Covid et garantie des pertes d’exploitation
La Cour de cassation vient de rendre quatre décisions importantes dans le contentieux qui opposait des restaurateurs à leurs assureurs, à propos de la garantie des pertes d’exploitation subies pendant la période de fermeture des commerces liée à la Covid-19.
Le droit occupe une place prépondérante dans les relations économiques. Jean-Baptiste Seube, Professeur agrégé des Facultés de droit et avocat au barreau de Saint-Denis, et les étudiants du Master droit des affaires qu’il dirige, attirent l’attention des entrepreneurs sur certaines difficultés juridiques, à travers l’évocation de décisions de justice ou de lois récentes.

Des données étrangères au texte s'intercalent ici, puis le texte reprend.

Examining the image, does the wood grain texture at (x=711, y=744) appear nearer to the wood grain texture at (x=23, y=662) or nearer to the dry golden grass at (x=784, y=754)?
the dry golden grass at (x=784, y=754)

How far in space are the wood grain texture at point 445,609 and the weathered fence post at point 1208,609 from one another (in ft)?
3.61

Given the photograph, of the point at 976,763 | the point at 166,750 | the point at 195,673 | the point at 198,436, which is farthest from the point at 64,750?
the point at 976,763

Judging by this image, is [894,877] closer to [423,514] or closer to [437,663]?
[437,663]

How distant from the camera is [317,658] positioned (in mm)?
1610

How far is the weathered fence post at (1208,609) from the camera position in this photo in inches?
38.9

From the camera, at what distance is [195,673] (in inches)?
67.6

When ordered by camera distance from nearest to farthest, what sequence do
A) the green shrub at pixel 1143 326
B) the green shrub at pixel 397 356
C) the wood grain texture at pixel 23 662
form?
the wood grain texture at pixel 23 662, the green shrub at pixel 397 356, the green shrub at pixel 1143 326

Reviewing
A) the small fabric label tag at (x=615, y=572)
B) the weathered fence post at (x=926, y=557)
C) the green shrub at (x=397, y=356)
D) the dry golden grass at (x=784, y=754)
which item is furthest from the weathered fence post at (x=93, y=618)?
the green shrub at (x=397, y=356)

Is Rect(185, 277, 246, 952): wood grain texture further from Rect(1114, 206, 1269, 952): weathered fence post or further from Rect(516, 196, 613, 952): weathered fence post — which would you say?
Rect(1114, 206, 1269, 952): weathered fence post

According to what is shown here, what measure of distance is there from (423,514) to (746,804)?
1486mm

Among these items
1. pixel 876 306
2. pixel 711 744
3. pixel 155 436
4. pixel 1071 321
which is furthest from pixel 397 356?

En l’espèce, les contrats prévoyaient la garantie des pertes d’exploitation en cas de fermeture administrative qui était la conséquence d’une épidémie mais ils précisaient que la garantie ne serait pas due “lorsque, à la date de la décision de fermeture, au moins un autre établissement fait l’objet sur le même territoire départemental que celui de l’établissement assuré, d’une mesure de fermeture administrative, pour une cause identique”.
Alors que la cour d’appel avait annulé la clause d’exclusion de garantie en considérant qu’elle avait pour effet de vider l’obligation de l’assureur de sa substance, la Cour de cassation la valide, en application de l’article L. 113-1 du Code des assurances, en jugeant l’exclusion de garantie formelle et limitée (Cass. civ. 2ème, 1er décembre 2022, n°21-19341, n°21-15392, n°21-19342, n°21-19343).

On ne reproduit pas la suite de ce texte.